The stretch from the line with "That's it. We've" through the line with "All right, this" in the records below: write it out exactly, and nothing else.

→ Dataset content
──────
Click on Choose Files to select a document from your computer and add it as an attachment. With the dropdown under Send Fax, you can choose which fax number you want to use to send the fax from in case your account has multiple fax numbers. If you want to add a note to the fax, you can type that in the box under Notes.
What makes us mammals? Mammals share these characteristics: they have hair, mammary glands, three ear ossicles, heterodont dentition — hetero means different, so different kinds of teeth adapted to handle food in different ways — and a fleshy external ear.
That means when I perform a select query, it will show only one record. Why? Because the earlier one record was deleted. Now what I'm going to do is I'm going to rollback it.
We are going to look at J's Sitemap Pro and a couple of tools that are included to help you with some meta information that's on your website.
──────
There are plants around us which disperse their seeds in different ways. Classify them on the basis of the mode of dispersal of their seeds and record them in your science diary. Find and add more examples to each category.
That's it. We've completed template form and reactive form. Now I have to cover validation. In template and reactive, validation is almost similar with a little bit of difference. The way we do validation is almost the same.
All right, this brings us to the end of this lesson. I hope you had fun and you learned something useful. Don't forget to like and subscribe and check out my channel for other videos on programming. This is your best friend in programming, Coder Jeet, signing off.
──────
→ Response
That's it. We've completed template form and reactive form. Now I have to cover validation. In template and reactive, validation is almost similar with a little bit of difference. The way we do validation is almost the same.
All right, this brings us to the end of this lesson. I hope you had fun and you learned something useful. Don't forget to like and subscribe and check out my channel for other videos on programming. This is your best friend in programming, Coder Jeet, signing off.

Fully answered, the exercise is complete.